Alfa Laval PureSOx is a front-runner among marine SOx scrubber systems, which allow the continued use of HFO while meeting the emission limits for operation in ECAs. Now in its second generation, the system has accumulated an order portfolio comprising over 1100 connected megawatts on roughly 65 vessels, including two full-scale pilot installations and the first orders in the US and Asia.
“We are both pleased and proud to have received orders for 70 PureSOx systems,” says René Diks, Manager Marketing & Sales, Exhaust Gas Cleaning at Alfa Laval. “PureSOx 2.0 is building on that success. Shortly after its launch at SMM 2014 in Hamburg, we received orders for the second-generation system from Atlantic Container Line, Royal Caribbean Cruises Ltd. and Horizon Lines.”
Class approval for DFDS Petunia and Primula Seaways
Reinforcing the sales of PureSOx is the news that the system’s first class approvals have been granted. Having already won the Environmental Award at the Lloyd’s List Global Awards for its work with PureSOx, DFDS has now received approval from Lloyd’s Register for the DFDS Petunia and Primula Seaways. “By proving our ability as a scrubber supplier, approval confirms that customers can count on PureSOx for savings and compliance,” says Diks. “It shows that Alfa Laval has not only the technology, but also the knowledge in place to complete the class approval process.”
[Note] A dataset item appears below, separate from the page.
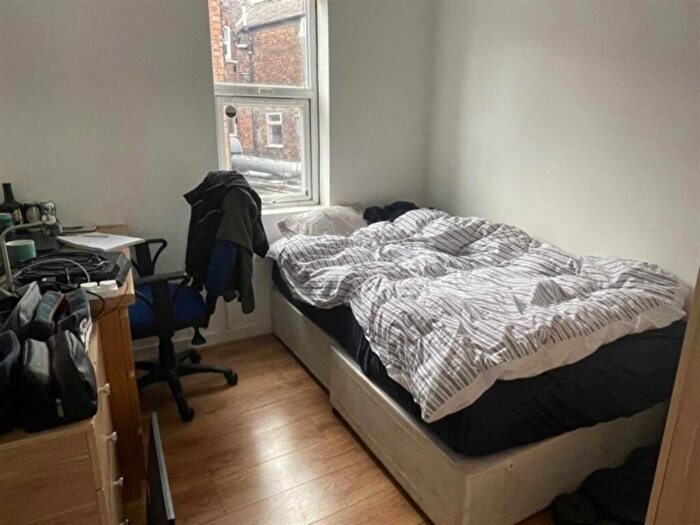 5 Bedroom Private Hall To Rent In Standish Road (), Fallowfield, Manchester, M14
This competence is a vital factor, given that the scrubber approval process is anything but smooth. “Unfortunately there are various interpretations from class societies, and there will continue to be some uncertainty regarding pH limits for scrubber water discharge,” says Kate Schrøder Jensen, Development Engineer, Exhaust Gas Cleaning at Alfa Laval and a specialist in the legal issues. “IMO’s Pollution Prevention and Response subcommittee recently drafted an amendment to paragraph 10.1.2 in the scrubber guidelines, which would allow the use of calculation-based methodologies alongside measurements. Measurements have so far been the only practical method of getting open-loop seawater scrubbers approved, but they are not without problems. They need to be taken at full scrubber load based on maximum fuel-sulphur content, as well as while the vessel is ‘at rest in harbour’, which excludes ships that are directly shaft-driven. Our hope is that the MEPC will approve the text in May, as it will simplify the approvals of open-loop scrubbers.”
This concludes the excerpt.